ただ、大幅な目標引き上げは避けられないだろうというのが大方の見方。UNEP(国連環境計画)は仮に30年までの各国の目標が全て達成されたとしても、今世紀末には産業革命前より2.5℃~2.9℃上昇する可能性が高いと分析。IPCC(気候変動政府間パネル)は、今後10年~20年で1.5℃上昇に達する危険があり、35年には19年比で60%削減する必要があるとし、現在の各国の目標では極めて不十分だとしています。そして「地球沸騰化」という言葉で象徴される今年の平均気温の高さがそれを物語っているわけです。世界で大規模森林火災が相次ぎ、世界各地で最高気温を更新する等で、9月だけで言えば産業革命前から1.8℃上昇したとUNEPは分析。遂にそういう月が出てしまったわけです。今年は既に世界の平均気温が観測史上最も高い年である事が確定しています。否が応でも各国は削減目標を引き上げなければならないというのが今の状況です。

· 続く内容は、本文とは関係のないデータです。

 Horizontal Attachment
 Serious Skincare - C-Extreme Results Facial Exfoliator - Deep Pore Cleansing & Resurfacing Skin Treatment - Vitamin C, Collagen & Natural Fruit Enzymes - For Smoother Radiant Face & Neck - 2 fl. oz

しかし残念ながら、国によっては石炭火力発電すら無くせない事情があります。石炭は安価な燃料として電力供給に必要で、特に今のエネルギー危機には、エネルギーの不足分を補うのに必要であるという現実。石炭火力発電を廃止した場合、電気料金が何倍にも跳ね上がるとされ、確かに民衆の生活を追い詰める事になります。
ここに来て、完全に顕在化したかに思われる温暖化回避を取るか民衆の生活を取るかの非常に厳しい選択。日本で言えば、現在電源構成の30.8%を占める石炭火力発電を2030年に19%に引き下げる計画ですが、2035年に2019年比で60%削減しなければならないと考えると、引き下げるどころか、無くさなければならない道理になるのではないでしょうか?険しい道かも知れませんが、やはり、更に再エネのシェアを増やす道を模索するしかないような気がします。石炭火力を再エネに取り替える道です。電力の供給量を維持し電気料金を上げない方法となるとそれしかないような気がします。我々民衆は、生活が苦しくなり食事にありつけなくなるような事は我慢できませんが、野山や海の景観が変わる事ならまだ我慢できます。まず国民に、ここまで切羽詰まっている現状を理解してもらう事が必要で、その上で、温暖化回避を取るか野山や海の景観を取るかの選択をして貰わなければなりません。そして、自ら答えを出させなければなりません。やはり、排出削減の主役は民衆なわけです。日本は平地が少ない為、大規模な太陽光発電所は造れないかも知れませんが、洋上風力発電所なら造り放題です。世界に誇れる浮体式風力発電設備の技術もあります。それを世界に売るのであれば、自国の国民に対しても売れば良い話だと思います。「風車の国 日本」を謳い、洗練された風車の風景を新しい日本の風景と位置付ければ、国民も風力発電所に夢を持ってくれるかも知れない。莫大な建設費も先行投資として大きな価値を持つ事になります。排出削減、再エネそのものに付加価値をつける。我々国民の環境意識の高まりは案外そういう所から始まるのかも知れません。また、国民の環境意識の高い国から、如何にしてそうなり得たのかを学ぶ事も必要なのかも知れません。